Review | A Mozartean Valediction for the Choral Society
Santa Barbara Choral Society Celebrated 75 Years to the Tune of Mozart’s Requiem
For the finale of its milestone 75th anniversary season, the Santa Barbara Choral Society (SBCS) ended on a high note, diving into the rich folds of Mozart’s Requiem at the First Presbyterian Church. To be more precise, it ended with an integrated series of well-articulated high and low notes, and those in the middle, with the group’s trademark ensemble dedication intact.
Milestones and numbers counted at this affair. Not only not only has SBCS joined the elite 75 club of regional music organizations — close behind the Ojai Music Festival and the Music Academy. Jo Anne Wasserman is also celebrating her 30th year as director. The occasion warranted several video tributes from significant figures in the choral world, some coming to the conclusion that the SBCS is one of the finest community choruses on the West Coast.
Tributes and accolades aside, the real proof of worth came as soon as the chorus opened its collective mouth and filled the sanctuary with its glorious sound, subtly dynamic detailing and massed voices. As performed in this sacred space, flanked by looming stained glass windows, Mozart’s Requiem — a requiem for himself, in a sense, as his final and unfinished opus — achieved its proper gravitas and ultimate sense of deliverance.

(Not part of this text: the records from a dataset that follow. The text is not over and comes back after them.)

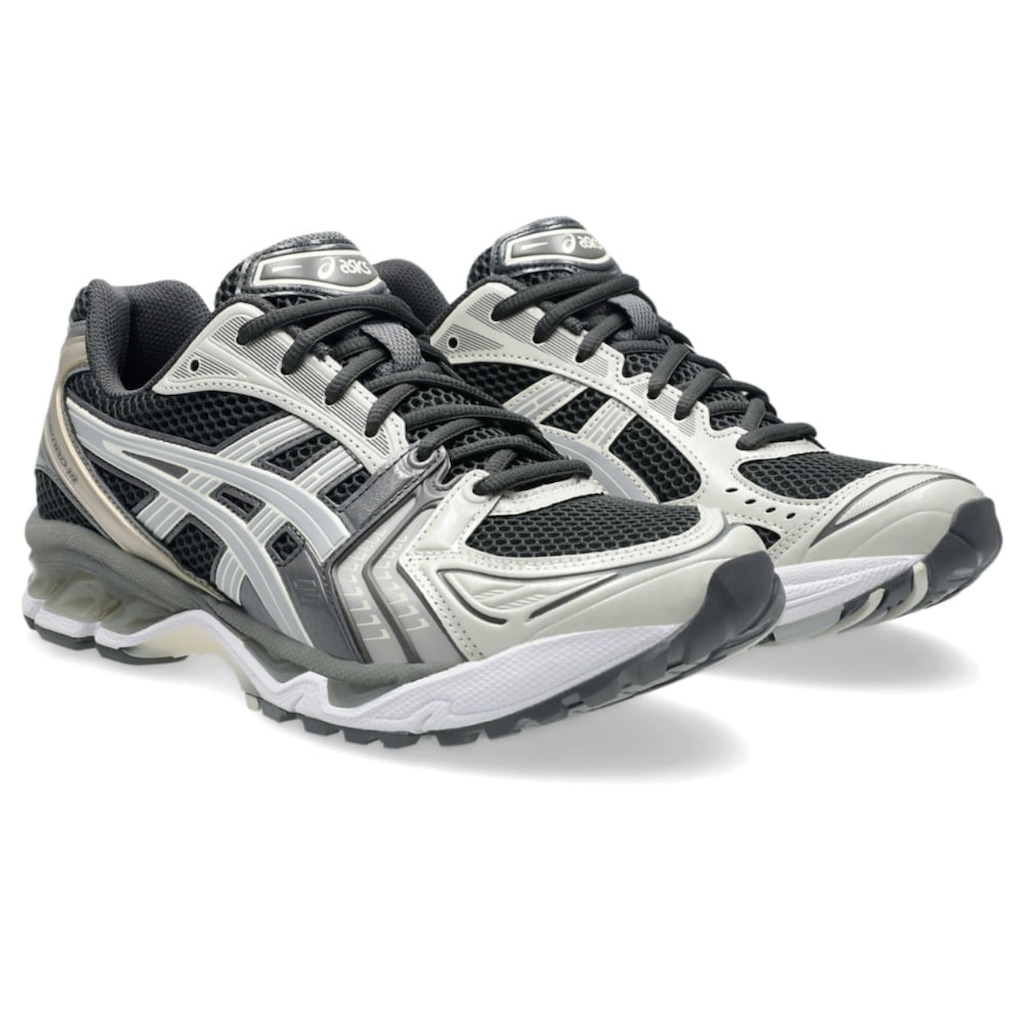Imagem 2 do produto Tênis Masculino Asics Gel-Kayano 14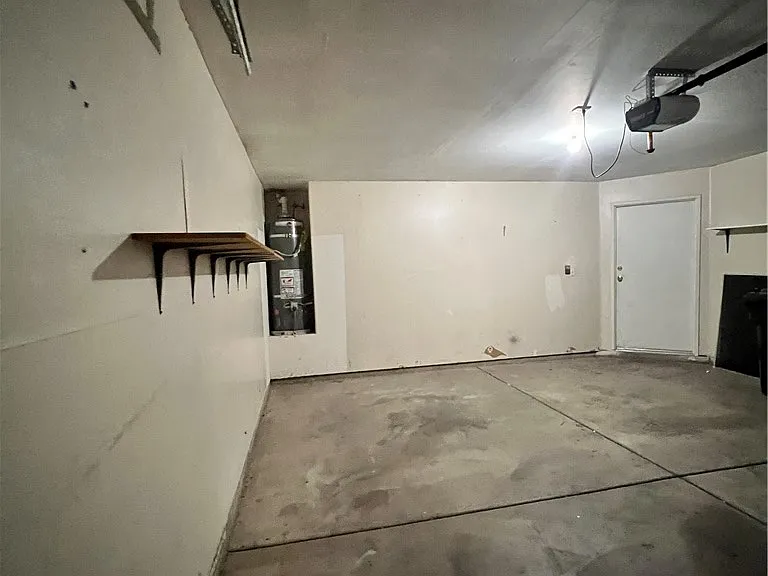 2520 Sierra Bello Ave #103 — Photo 21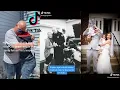 Download Lagu Surrender TikTok Heartbreaking life stories compilation part 5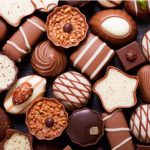 Día Internacional del Chocolate: Por qué se celebra el 13 de septiembre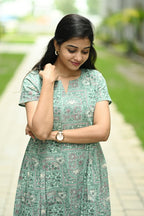 Mint Meadow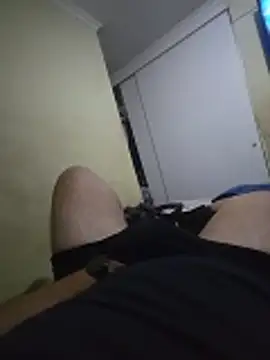 hotcower online show from May 15, 1:42 pm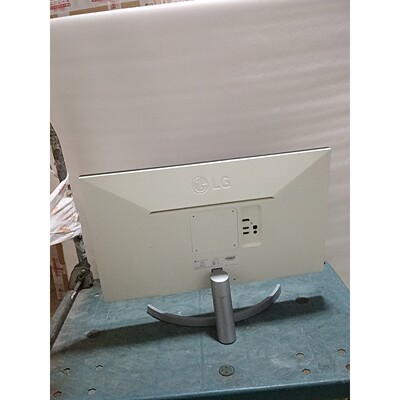 【议价产品】LG 27UL600 27寸真4K显示器 IPS FreeS询价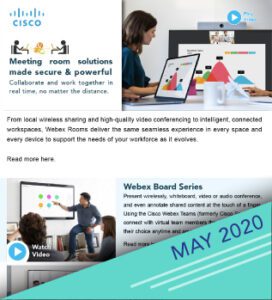 May2020-Newsletter-Template-272x300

Impressive soloists up front — soprano Tamara Bevard, mezzo soprano Tracy Van Fleet, tenor Benjamin Brecher and bass-baritone Dennis Rupp — also carried the mantle of having links to the lofty Los Angeles Master Chorale and, in Brecher’s case, the chair of UCSB’s Music Department. Alone and together, the singing population produced a grand and refined sound. A cathartic joy in the “Sanctus” is the gateway to the resplendent “Benedictus,” building to its thick fugal finale in “Lux Aeterna,” with all onstage fully earning the last fundamental long note.
After intermission and following a brief sojourn into the Baroque roots of Palestrina, the program contrasted Mozart’s gravity and transcendency with a lighter prevailing spirit. On all sides of the stage, we eased into the mellower temperament of works by Maurice Duruflé, Aaron Copland, Ola Gjeilo, and Morten Lauridsen — the latter two being living composers committed to carrying the choral music torch. Blithe as this music was, the sudden presence of a digital keyboard in the mix was jarring, counteracting the sonic purity and authenticity of voices and instruments.
Bringing the concert and season to a jubilant end game, we heard Christopher Tin’s African-inspired “Waloyo Yamoni (We Overcome the Wind),” part of his song cycle The Drop That Contained the Sea. Widely known tenor Jimmer Bolden was the special guest soloist for the occasion, a benevolent and rich-toned protagonist.
Tin’s winsome score is both steeped in African choral culture and, by association with The Lion King, Disney-tinged in its way. As such, it made for a sophisticated happy ending moment, to a fulfilling concert and the group’s diamond season.